Working data:
------------------------------------------------------------

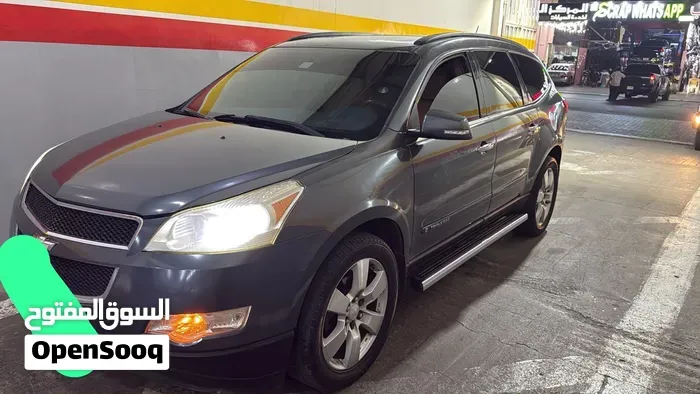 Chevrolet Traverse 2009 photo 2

------------------------------------------------------------

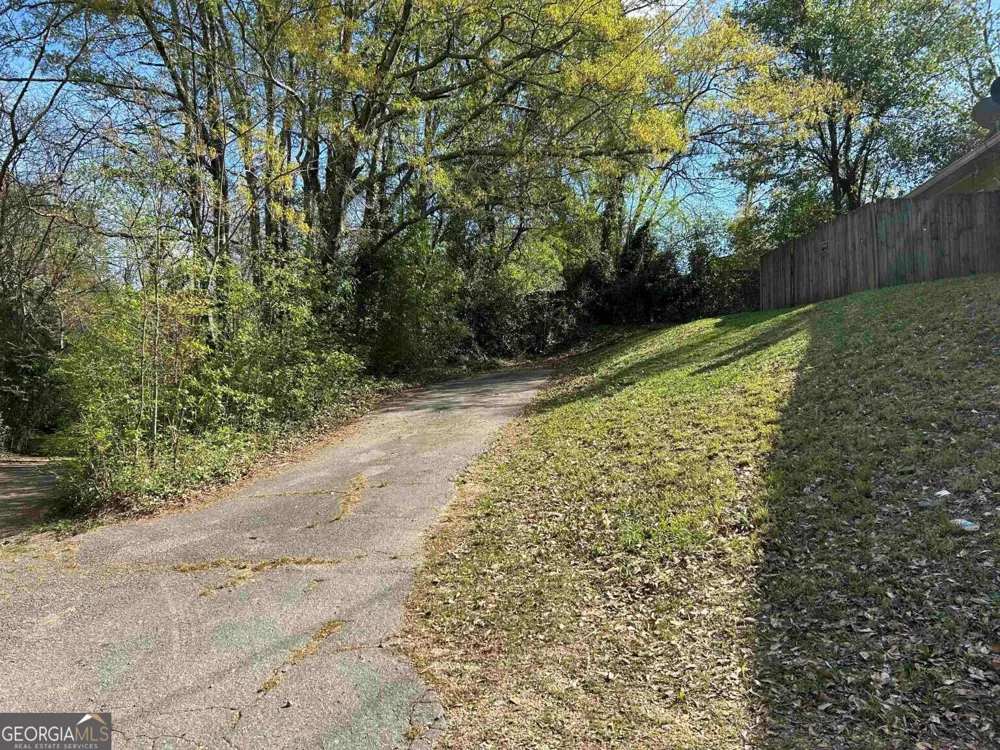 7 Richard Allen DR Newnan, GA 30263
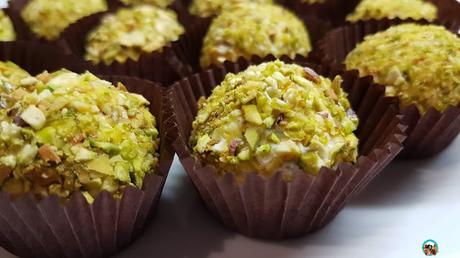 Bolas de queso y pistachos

------------------------------------------------------------

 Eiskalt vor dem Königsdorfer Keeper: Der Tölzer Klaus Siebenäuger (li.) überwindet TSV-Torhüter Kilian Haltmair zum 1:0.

------------------------------------------------------------

Both the line above containing "7 Richard Allen DR Newnan, GA 30263" and the line containing "Bolas de queso y pistachos" belong in the copy, along with every line between them; print these exactly and omit the pictures.

 7 Richard Allen DR Newnan, GA 30263
 Bolas de queso y pistachos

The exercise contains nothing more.